Alexandre Feklisov
From Wikipedia, the free encyclopedia
Aleksandr Semyonovich Feklisov (born 1914) was the KGB Case Officer who recruited Julius Rosenberg and Klaus Fuchs, among others. Feklisov worked as a KGB case officer in the Russian consulate office in New York from 1940-1946. His supervisor was Senior Case Officer Anatoli Yatskov (alias Yakovlev). Part of Feklisov's duties included recruitment of agent prospects from among sympathetic Communist Party of the United States (CPUSA) and its auxiliary secret apparatus to engage in espionage. Rosenberg was among these recruits. In the period from 1943 to 1946, Feklisov would report at least 50 meetings with Julius Rosenberg. He stated that Julius Rosenberg provided important top secret information about electronics and helped organize an industrial espionage ring for Moscow, but "didn't understand anything about the atom bomb."

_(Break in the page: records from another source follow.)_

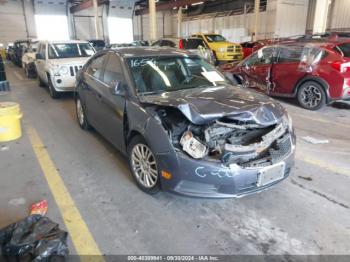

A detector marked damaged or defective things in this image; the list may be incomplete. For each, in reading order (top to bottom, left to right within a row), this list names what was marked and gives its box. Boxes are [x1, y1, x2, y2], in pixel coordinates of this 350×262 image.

damaged red vehicle [223, 40, 350, 110]
damaged gray sedan [76, 48, 296, 198]
crumpled hood [138, 84, 286, 125]
exposed headlight [180, 130, 208, 159]
broken headlight assembly [180, 130, 208, 159]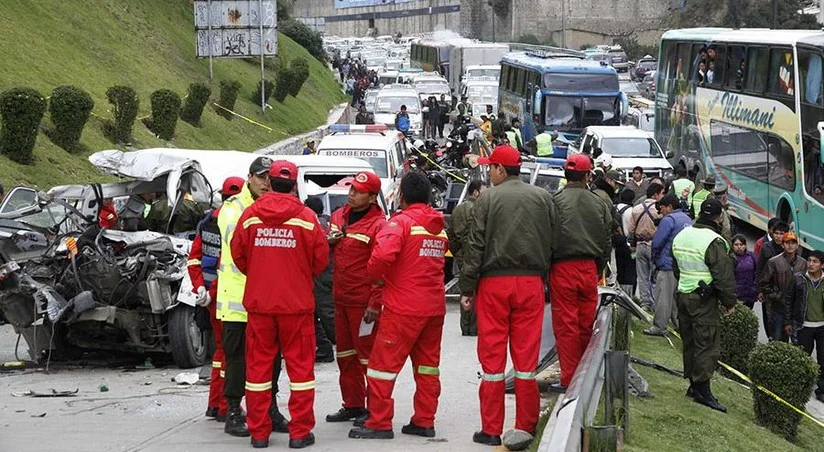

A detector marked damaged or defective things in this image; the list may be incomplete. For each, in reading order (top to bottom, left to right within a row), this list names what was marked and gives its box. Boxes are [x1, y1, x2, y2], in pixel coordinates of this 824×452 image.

crushed vehicle [0, 152, 216, 368]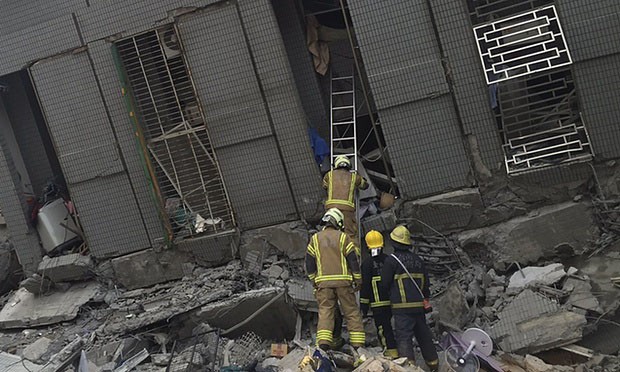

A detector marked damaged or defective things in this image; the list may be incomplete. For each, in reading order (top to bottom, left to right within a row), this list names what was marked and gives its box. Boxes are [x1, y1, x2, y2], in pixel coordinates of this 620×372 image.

broken concrete slab [400, 189, 482, 232]
broken concrete slab [240, 221, 308, 262]
broken concrete slab [458, 202, 592, 266]
broken concrete slab [0, 282, 100, 328]
broken concrete slab [37, 253, 92, 282]
broken concrete slab [110, 250, 190, 290]
broken concrete slab [196, 288, 298, 340]
broken concrete slab [508, 264, 568, 294]
broken concrete slab [490, 290, 588, 354]
broken concrete slab [560, 276, 600, 314]
broken concrete slab [0, 350, 41, 370]
broken concrete slab [21, 338, 52, 364]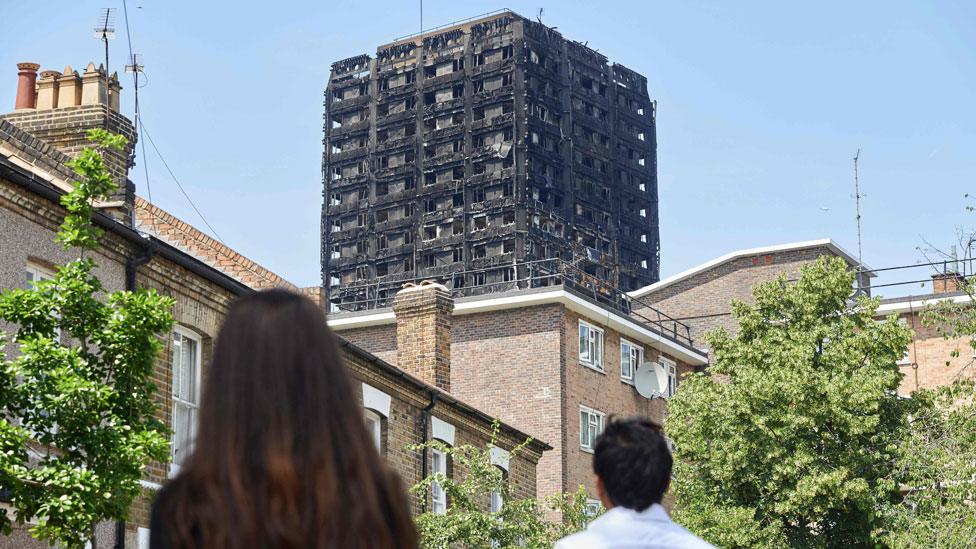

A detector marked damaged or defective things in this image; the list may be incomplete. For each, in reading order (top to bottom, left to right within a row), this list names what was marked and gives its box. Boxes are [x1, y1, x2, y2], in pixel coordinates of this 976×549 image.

burned building facade [324, 10, 660, 310]
charred tower block [324, 12, 660, 310]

Feklisov stated Ethel Rosenberg, as a "probationer", did not meet directly with Soviet Agent handler. He also said she "had nothing to do with this" and was "completely innocent." In August 1946 Feklisov returned to the USSR. By the late 1940's, Feklisov was transferred to the London Rezidentura. Eventually Feklisov was transferred back to the United States and became the Washington, D.C. Rezident, or KGB Station Chief from 1960–1964. His cover name at that time was Aleksandr Fomin. As KGB Rezident, Feklisov (Fomin) proposed what became the basis for resolution of the Cuban Missile Crisis, the removal of missiles from Cuba in exchange for a promise that the United States not invade the island nation.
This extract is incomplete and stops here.